The DUP—key group of Northern Ireland politicians—has said it does not support the deal, which has held back the pound’s rally, as it retreated to $1.2772.

Michael Brown, senior analyst at Caxton, told MarketWatch, the future direction of the pound “hinges” on whether the deal can be passed.

He said if the deal was approved by MPs the pound would climb significantly higher than $1.30, but if politicians block the agreement it could slide to $1.25 as uncertainty over an extension or election returns, while a no-deal scenario would send it to $1.20 or lower.

The currency fell below $1.21 to two-and-a-half-year lows in August after Johnson ramped up his no-deal Brexit rhetoric.

The market fears a no-deal Brexit, which the Bank of England said could bring the pound close to parity with the dollar.

Volatility has beset the pound in recent months, with traders reacting to headlines which either increase or decrease the likelihood of Britain leaving the EU without a deal.

See also: Stock futures point higher after U.K., EU strike tentative Brexit deal

However, a deal would provide the ultimate relief and bring about the end of years of uncertainty.

Nigel Green, chief executive of financial advisory group deVere, said: “If this deal is ratified, we can expect the pound to jump sharply.

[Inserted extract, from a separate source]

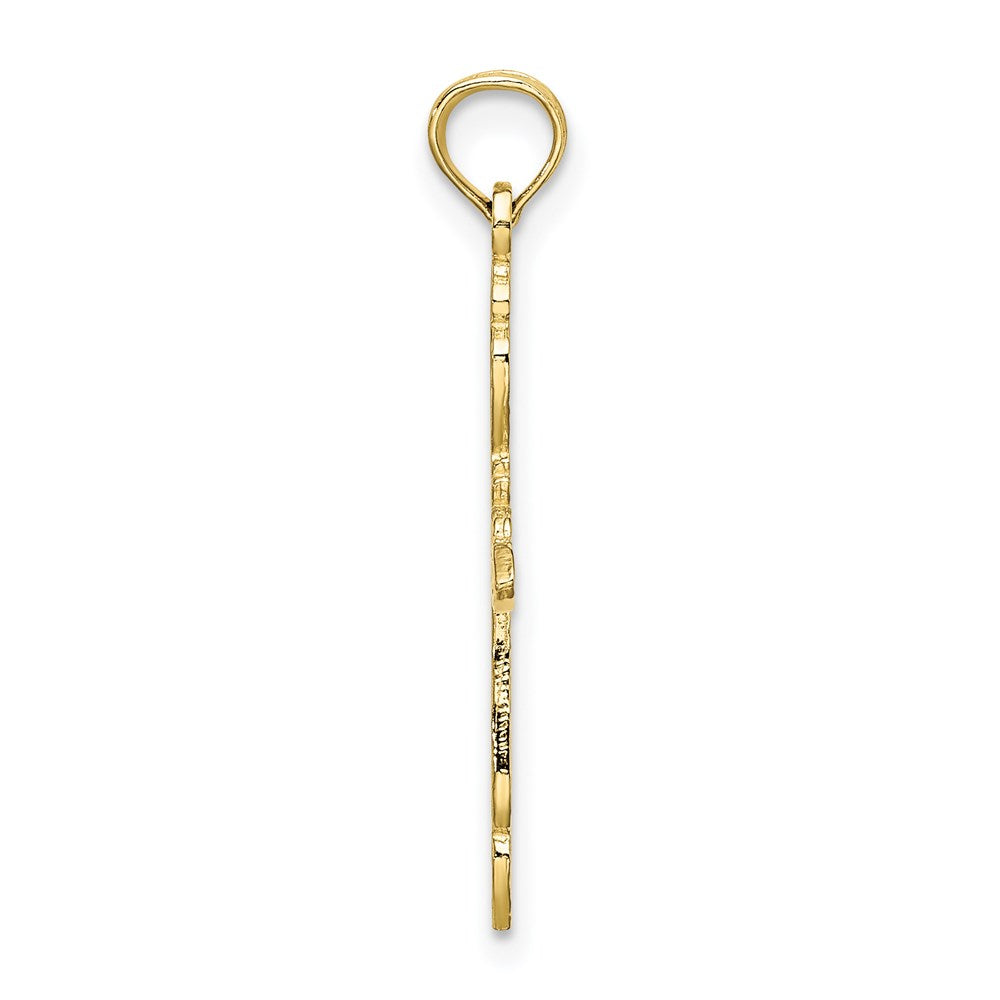 Million Charms 10K Yellow Gold Themed Polished & Cut-Out Relgious Cross Charm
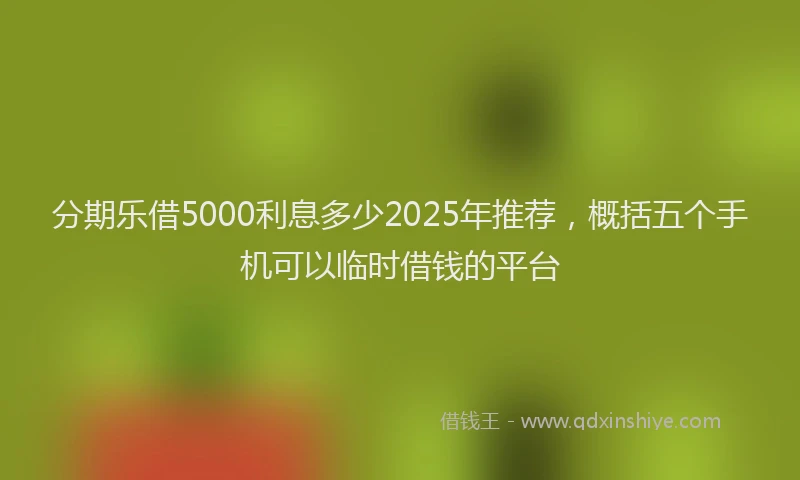 分期乐借5000利息多少2025年推荐，概括五个手机可以临时借钱的平台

It is likely to hit at least $1.35 as the prospect of a no-deal, and/or months of further uncertainty ends.”

Sentiment towards U.K. stocks UKX, +0.90%   will also rally, Green said, but exporters would be held back by the strong pound.

ING’s chief EMEA FX strategist Petr Krpata said the pound’s downside risk had “reduced sharply” but the upside, at least against the euro, was limited due to the uncertainty over the deal and its premium against the bloc’s currency.